Mouloud Akkouche (avatar)

Mouloud Akkouche

Auteur de romans, nouvelles, pièces radiophoniques, animateur d'ateliers d'écriture...

Abonné·e de Mediapart

1813 Billets

0 Édition

Billet de blog 8 octobre 2016

Mouloud Akkouche (avatar)

Mouloud Akkouche

Auteur de romans, nouvelles, pièces radiophoniques, animateur d'ateliers d'écriture...

Abonné·e de Mediapart

Lettre à Nous

Qui a déjà entendu «le monde va bien»? À croire qu’il est toujours dans un sale état. Plus mal à notre époque que dans le passé proche ou lointain ? Ne pas oublier que le siècle dernier a débuté par une des pires boucheries de l’histoire de l’humanité. Ce début de siècle, toutes proportions gardées, semble aussi fort mal barré. Avec l'impression de sept milliards de déboussolés.

Mouloud Akkouche (avatar)

Mouloud Akkouche

Auteur de romans, nouvelles, pièces radiophoniques, animateur d'ateliers d'écriture...

Abonné·e de Mediapart

Ce blog est personnel, la rédaction n’est pas à l’origine de ses contenus.

Illustration 1
Guerre et Paix © Candido Portinari

« Dire que, quand nous serons grands, nous serons peut-être aussi bêtes qu'eux !».
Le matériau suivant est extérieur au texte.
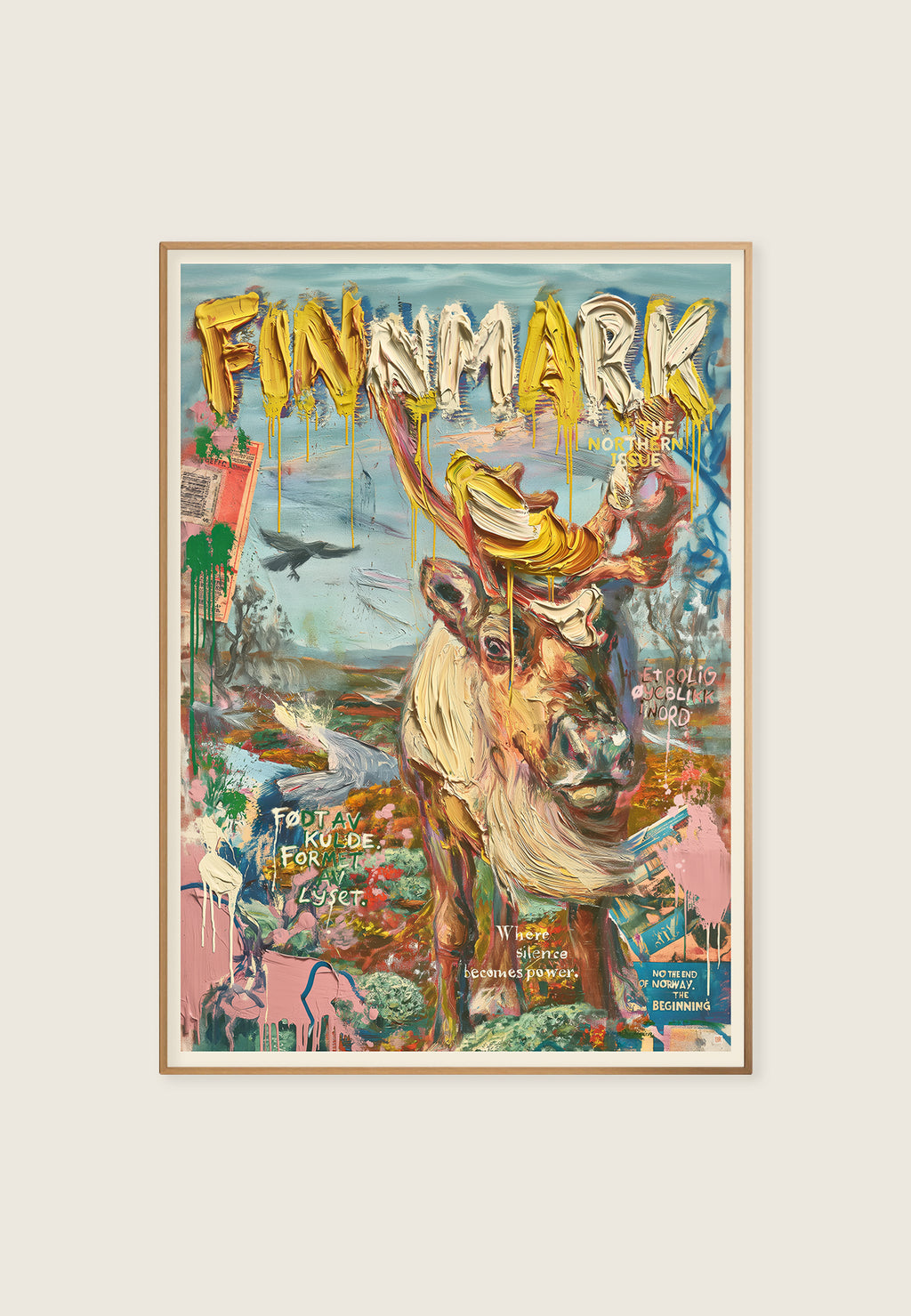 Et rått og luksuriøst kunsttrykk inspirert av Finnmark, rein, vidde og nordnorsk stillhet. Museum-grade uttrykk med impasto, graffiti og magasincover-estetikk. av ISARK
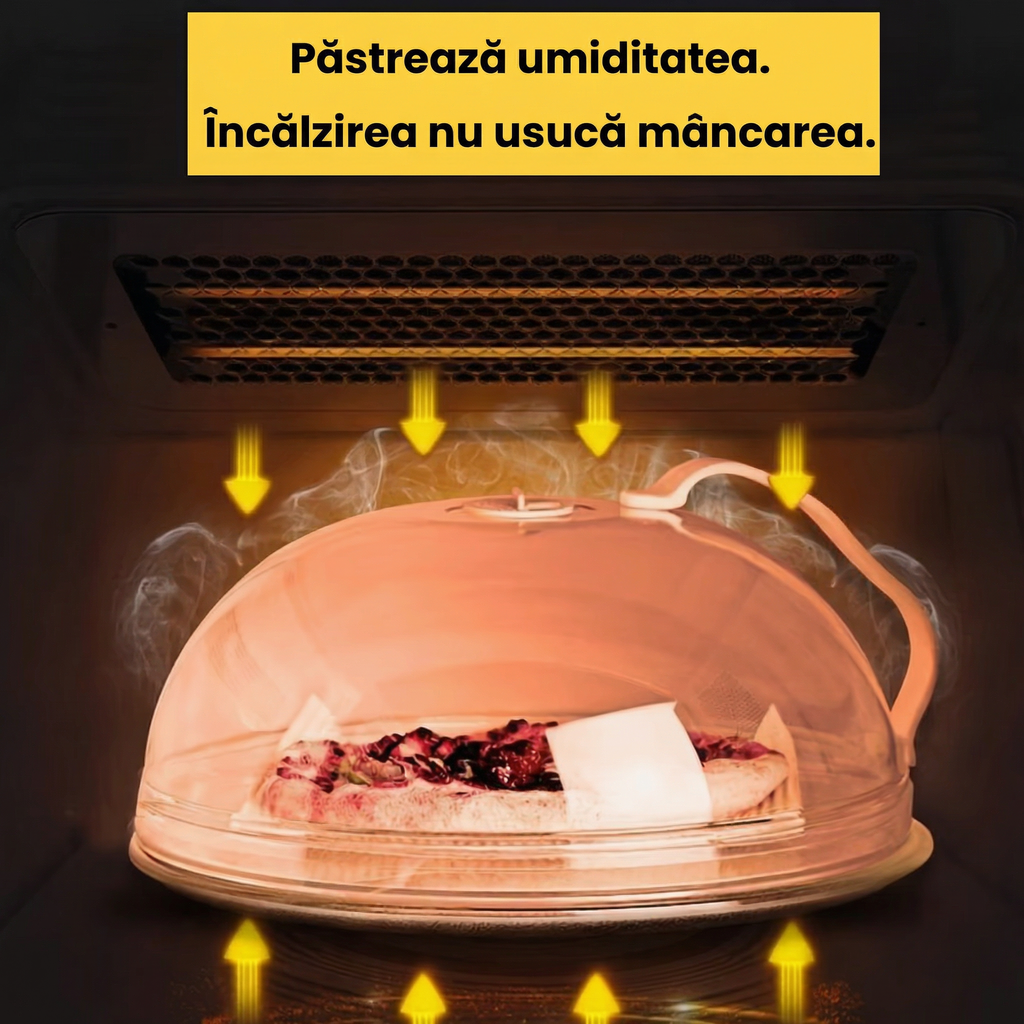Capac transparent cu mâner, pus peste o pizza în cuptor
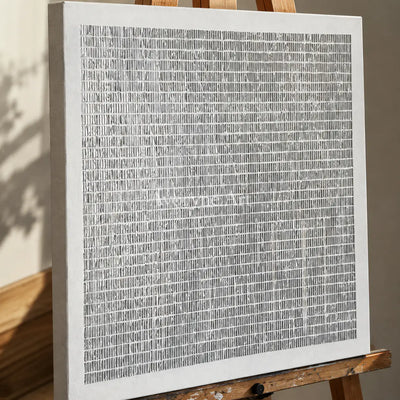 Woven Quiet: Gray Linear Minimalist Square Wall Art - detail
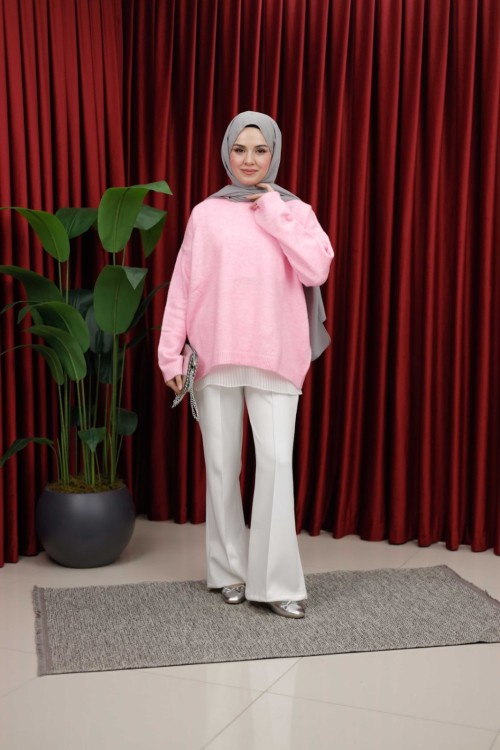 TRİKO KAZAK - PEMBE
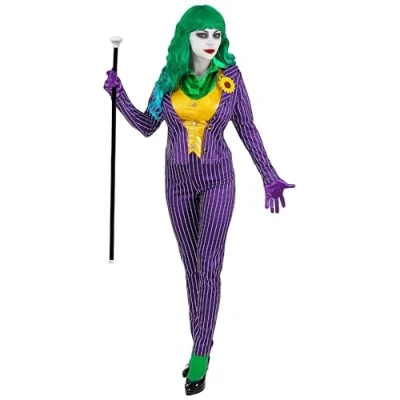 Image of W WIDMANN MILANO Party Fashion Evil Clown Costume for Women, Clown, Circus, Jester, Joker, Horror, Psycho, Halloween, Carnival, Theme Parties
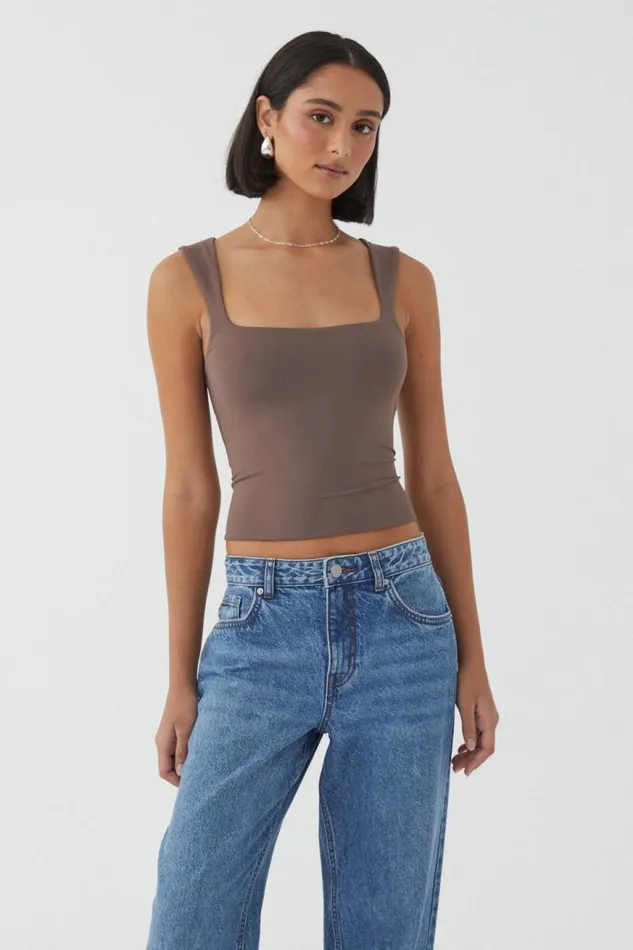 Clothing Supr Luxe Essentials Luxe Open Neck Top Brown Carob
La Guerre des Boutons, Louis Pergaud

Qui a déjà entendu « le monde va bien»? À croire qu’il est toujours dans un sale état. Plus mal à notre époque que dans le passé proche ou lointain ? Ne pas oublier que le siècle dernier a débuté par une des pires boucheries de l’histoire de l’humanité. Ce début de siècle, toutes proportions gardées, semble aussi fort mal barré. Avec l'impression de sept milliards de déboussolés. Certains bien sûr beaucoup plus touchés que d’autres par ce déboussolage planétaire. Le monde coupé en deux: ceux qui souffrent de la folie guerrière et ceux qui les regardent sur un écran. Comme dans un film permanent à ciel ouvert. Combien de saisons pour Alep? Taper 1 contre les méchants, taper 2 pour les gentils. Chacun son camp; victimes réelles ou pour servir sa cause? Pas le temps de se poser des questions pour ceux courant sous les bombes. Des bombes qui ne se présentent pas avant de s’écraser. Les éclats d’obus ne laissent pas non plus leurs cartes de visites. Coincés au sol entre les djihadistes, les tyrans locaux ou d'ailleurs, les cyniques faisant et défaisant les tyrans, ils n’ont qu’un seul souhait : que l’enfer cesse dans la seconde. Tout le reste n’est qu’images et sons pour les gens du bon côté de l’écran. Combien d’épisodes encore pour les migrants sur la méditerranée ? Pas une fiction pour les populations piégées.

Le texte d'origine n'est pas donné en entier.